Cohousing ecologico a Padova: un sogno che si fa casa

Inaugurata a Padova in zona Sacro Cuore “Bethesda”, comunità residenziale frutto di un progetto di cohousing ecologico.

Un casolare abbandonato, ristrutturato nel rispetto del territorio e dell’ambiente, torna a vivere grazie alla condivisione di sogni, di risorse e di spazi.

Il 1 giugno 2017 vi abbiamo presentato su Ecopolis (leggi qui) il progetto di recupero della vecchia casa colonica di via Adige 35, in zona Sacro Cuore.

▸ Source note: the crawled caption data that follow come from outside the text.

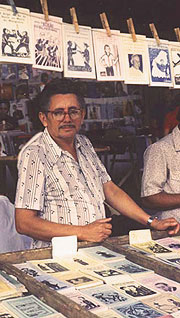 Apolônio Alves dos Santos at his poetry stand.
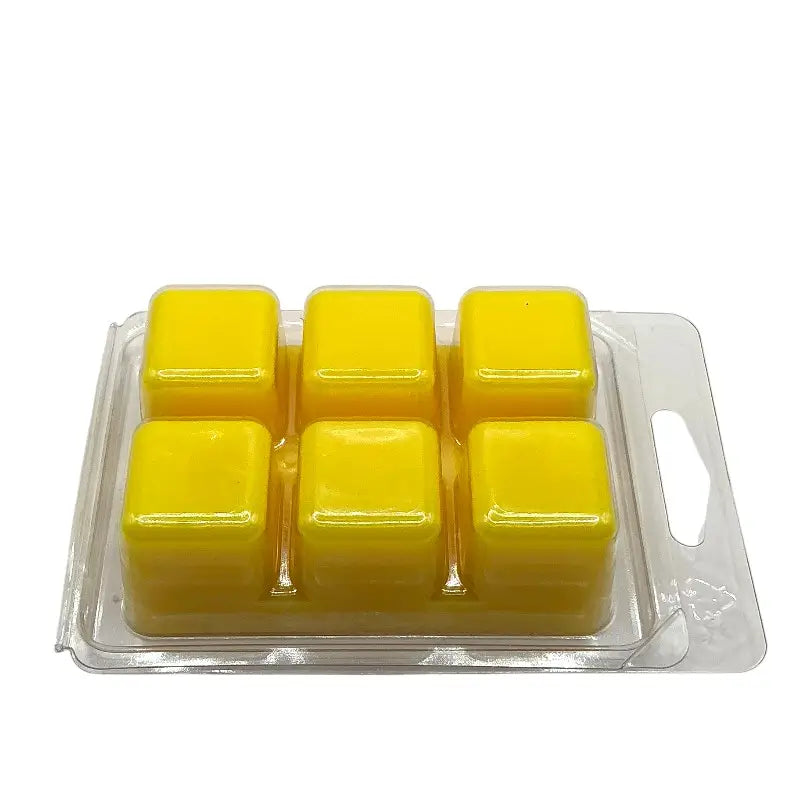 Wax Melts - Scented 6 Cube Packs in yellow, perfect for home fragrance, placed on a clear plastic tray.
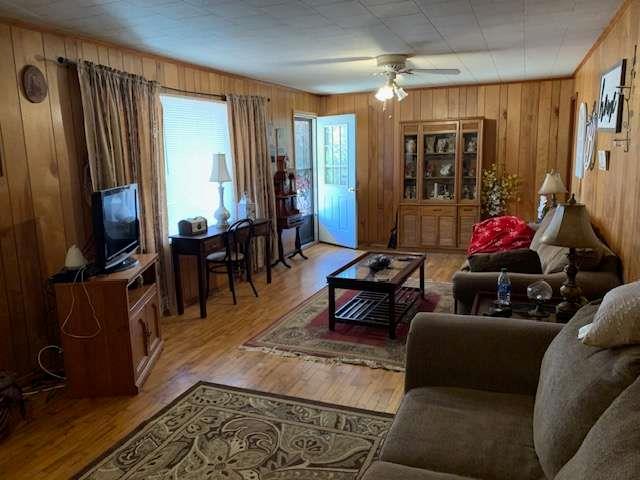 6815 Duncan Road Lula, GA 30554 - Photo 5 of 31 a living room with furniture and a flat screen tv
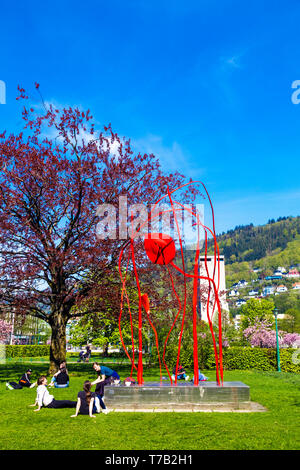 People sitting on grass, having picnic on a sunny day by 'Red Wind' abstract sculpture by Arnold Haukeland (1978) in Bergen, Norway Stock Photo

Oggi – a distanza di un anno e mezzo circa – lì, al posto di un rudere abbandonato, sorge Bethesda, o meglio la struttura che ospita una comunità residenziale composta da quattro giovani famiglie, un esempio di (e)cohousing, cioè di ristrutturazione ecologica del patrimonio urbano.

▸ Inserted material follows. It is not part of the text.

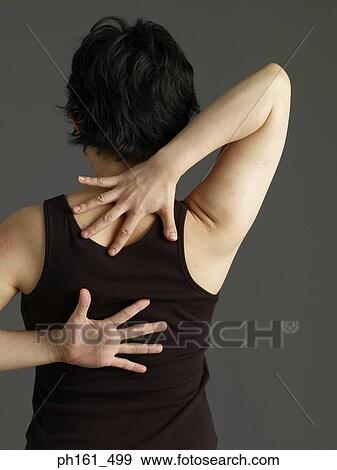 Woman with hands behind her back, stretching, rear view View Large Photo Image Stock Photo - Woman with hands behind her back, stretching, rear view. Fotosearch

Grazie al progetto, domenica 14 ottobre in una luminosa giornata d’autunno, è stata finalmente restituita alla città una dimora storica costruita a cavallo tra ‘800 e ‘900, oggi ripensata e restaurata nel rispetto del territorio agricolo urbano, della cultura dei materiali e delle tecniche murarie dell’epoca.

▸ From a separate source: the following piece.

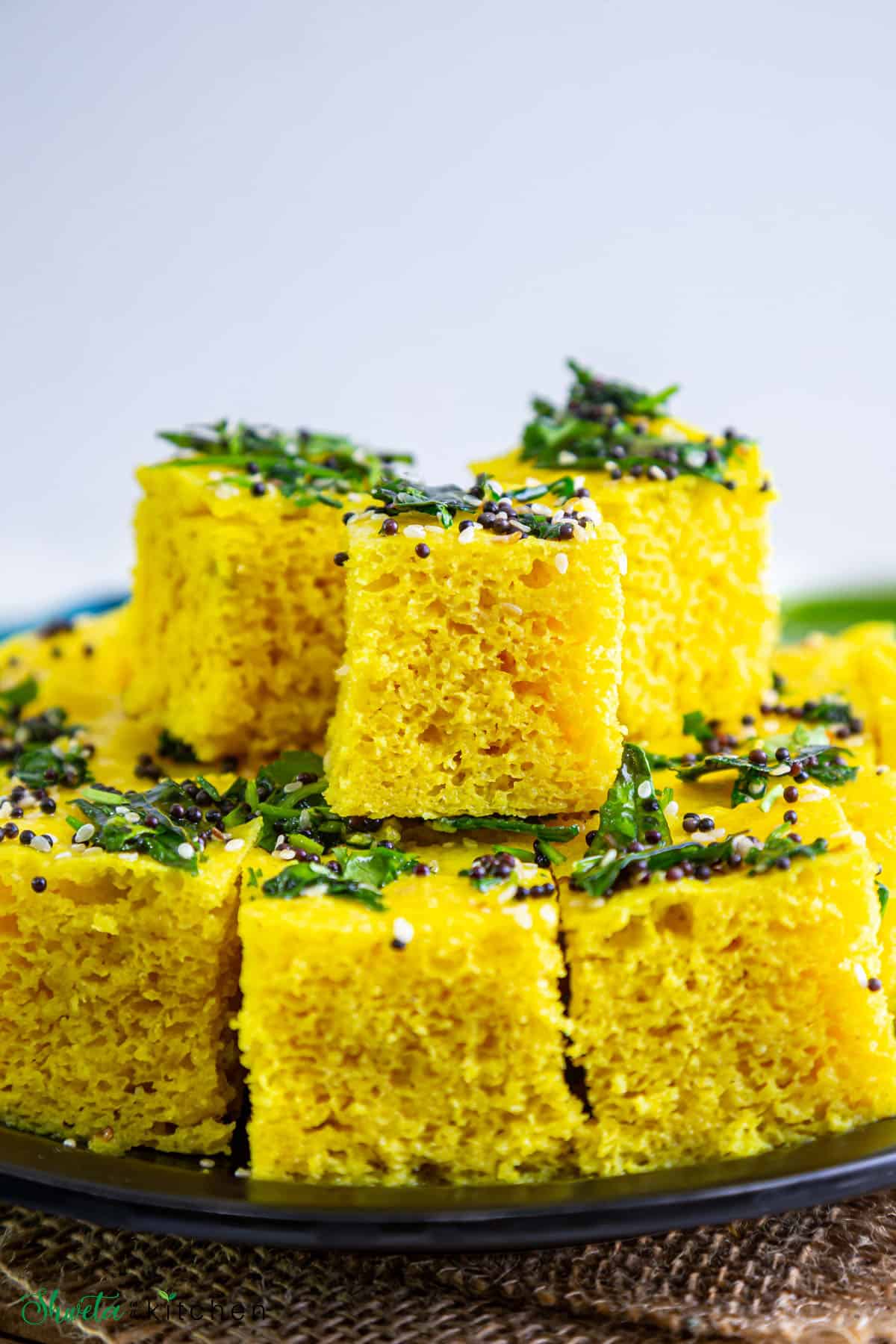 Yellow Khaman Dhokla pieces stacked on top of a black plate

La regina della festa è stata l’ex stalla, il cuore nevralgico della struttura, risalente addirittura a inizio‘800. Ripristinata nell’assetto iniziale, ha come accesso una scala di mattoni in laterizio, ubicata in corrispondenza di uno dei quattro portici centrali. Entrando si notano le capriate originarie, realizzate con travi in legno di rovere, ora ripulite e riverniciate.

In continuità ideale con la sua funzione primitiva, oggi il salone di 200 m2 ospita una cappellina ed è adibito a luogo d’incontro per l’intera comunità, nonché a spazio di gioco e di studio per i bimbi e i loro amici e compagni. Insomma, è un luogo dove condividere la vita nel suo farsi quotidiano, un open space aperto alla collettività largamente intesa. La sala comprende anche un piccolo spazio di circa 25 m2 che probabilmente ospiterà persone in difficoltà.

Ai due lati della stalla sono state ricavate quattro unità abitative, realizzate in mattoni, probabilmente i primi mattoni sfornati dalla vicina fornace Morandi, oggi interessante testimonianza di archeologia industriale. L’edificio è munito di muri in laterizio, forti, resistenti e spessi circa 40 cm e ha conservato la sagoma originaria, pur nei limiti della sua funzionalità. I proprietari, pur potendo approfittare del piano casa, non hanno voluto modificare l’assetto originale dell’abitazione: per esempio hanno adibito il recupero attrezzi a garage con 4 posti auto, anziché far costruire un garage per ogni unità. 

Un sistema centrale a biomassa riscalda i quattro appartamenti, ciascuno dei quali peraltro provvisto di un camino a pellet, mentre un impianto fotovoltaico di 4 kw, assicura sufficiente illuminazione al corpo centrale della struttura, la ex-stalla. È stato preservato il filare alberato che costeggia il sentiero di accesso al casolare. Inoltre, rimane in previsione un orto sociale da ricavare nei 5000 m2 di terra disponibili, così come nel sogno iniziale.

Antonio Huaroto, architetto e referente del comitato Vivere bene a San Bellino, ha seguito i lavori, come “facilitatore ecologico”: “visione e creatività sono importantissime – racconta – tutto è nato da un sogno che ha camminato sulle gambe di più persone. Così da zona di degrado questo casolare è oggi un volano per la sensibilità della comunità: in Veneto ci sono moltissimi casolari abbandonati che, proprio come questo, possono essere recuperati e restituiti alla città quali patrimonio urbano”.

Ecco un bell’esempio di lotta intelligente al degrado e di recupero di edifici dismessi e inutilizzati!